Task to carry out:
Could you output exactly the lines from the one containing "Lindby Kasi plafondlamp, zwart" through the end of the records below, and nothing more?

═══

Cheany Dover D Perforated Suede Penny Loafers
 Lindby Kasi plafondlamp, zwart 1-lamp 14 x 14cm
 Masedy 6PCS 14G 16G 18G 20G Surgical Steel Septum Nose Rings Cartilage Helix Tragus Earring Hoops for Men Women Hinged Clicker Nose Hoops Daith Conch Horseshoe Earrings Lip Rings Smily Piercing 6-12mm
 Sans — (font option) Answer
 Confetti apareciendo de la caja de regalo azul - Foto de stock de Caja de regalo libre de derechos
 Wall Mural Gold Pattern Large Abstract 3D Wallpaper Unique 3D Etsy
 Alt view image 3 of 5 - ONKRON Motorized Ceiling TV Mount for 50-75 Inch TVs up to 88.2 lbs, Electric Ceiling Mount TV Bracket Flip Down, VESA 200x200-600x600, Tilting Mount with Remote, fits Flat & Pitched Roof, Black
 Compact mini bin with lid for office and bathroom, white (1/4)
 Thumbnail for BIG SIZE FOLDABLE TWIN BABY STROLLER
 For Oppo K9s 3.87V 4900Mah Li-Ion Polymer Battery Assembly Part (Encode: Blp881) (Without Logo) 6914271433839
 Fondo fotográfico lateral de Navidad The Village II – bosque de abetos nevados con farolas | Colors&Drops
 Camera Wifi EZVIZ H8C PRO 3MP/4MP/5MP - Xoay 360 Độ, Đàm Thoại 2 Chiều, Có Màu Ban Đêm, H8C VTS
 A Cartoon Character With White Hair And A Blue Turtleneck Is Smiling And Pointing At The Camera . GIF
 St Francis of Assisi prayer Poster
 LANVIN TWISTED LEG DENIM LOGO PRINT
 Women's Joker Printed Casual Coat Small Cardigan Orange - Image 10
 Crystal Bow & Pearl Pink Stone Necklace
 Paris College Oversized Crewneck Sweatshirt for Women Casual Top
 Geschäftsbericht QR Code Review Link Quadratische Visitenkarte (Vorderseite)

═══

Task output:
 Lindby Kasi plafondlamp, zwart 1-lamp 14 x 14cm
 Masedy 6PCS 14G 16G 18G 20G Surgical Steel Septum Nose Rings Cartilage Helix Tragus Earring Hoops for Men Women Hinged Clicker Nose Hoops Daith Conch Horseshoe Earrings Lip Rings Smily Piercing 6-12mm
 Sans — (font option) Answer
 Confetti apareciendo de la caja de regalo azul - Foto de stock de Caja de regalo libre de derechos
 Wall Mural Gold Pattern Large Abstract 3D Wallpaper Unique 3D Etsy
 Alt view image 3 of 5 - ONKRON Motorized Ceiling TV Mount for 50-75 Inch TVs up to 88.2 lbs, Electric Ceiling Mount TV Bracket Flip Down, VESA 200x200-600x600, Tilting Mount with Remote, fits Flat & Pitched Roof, Black
 Compact mini bin with lid for office and bathroom, white (1/4)
 Thumbnail for BIG SIZE FOLDABLE TWIN BABY STROLLER
 For Oppo K9s 3.87V 4900Mah Li-Ion Polymer Battery Assembly Part (Encode: Blp881) (Without Logo) 6914271433839
 Fondo fotográfico lateral de Navidad The Village II – bosque de abetos nevados con farolas | Colors&Drops
 Camera Wifi EZVIZ H8C PRO 3MP/4MP/5MP - Xoay 360 Độ, Đàm Thoại 2 Chiều, Có Màu Ban Đêm, H8C VTS
 A Cartoon Character With White Hair And A Blue Turtleneck Is Smiling And Pointing At The Camera . GIF
 St Francis of Assisi prayer Poster
 LANVIN TWISTED LEG DENIM LOGO PRINT
 Women's Joker Printed Casual Coat Small Cardigan Orange - Image 10
 Crystal Bow & Pearl Pink Stone Necklace
 Paris College Oversized Crewneck Sweatshirt for Women Casual Top
 Geschäftsbericht QR Code Review Link Quadratische Visitenkarte (Vorderseite)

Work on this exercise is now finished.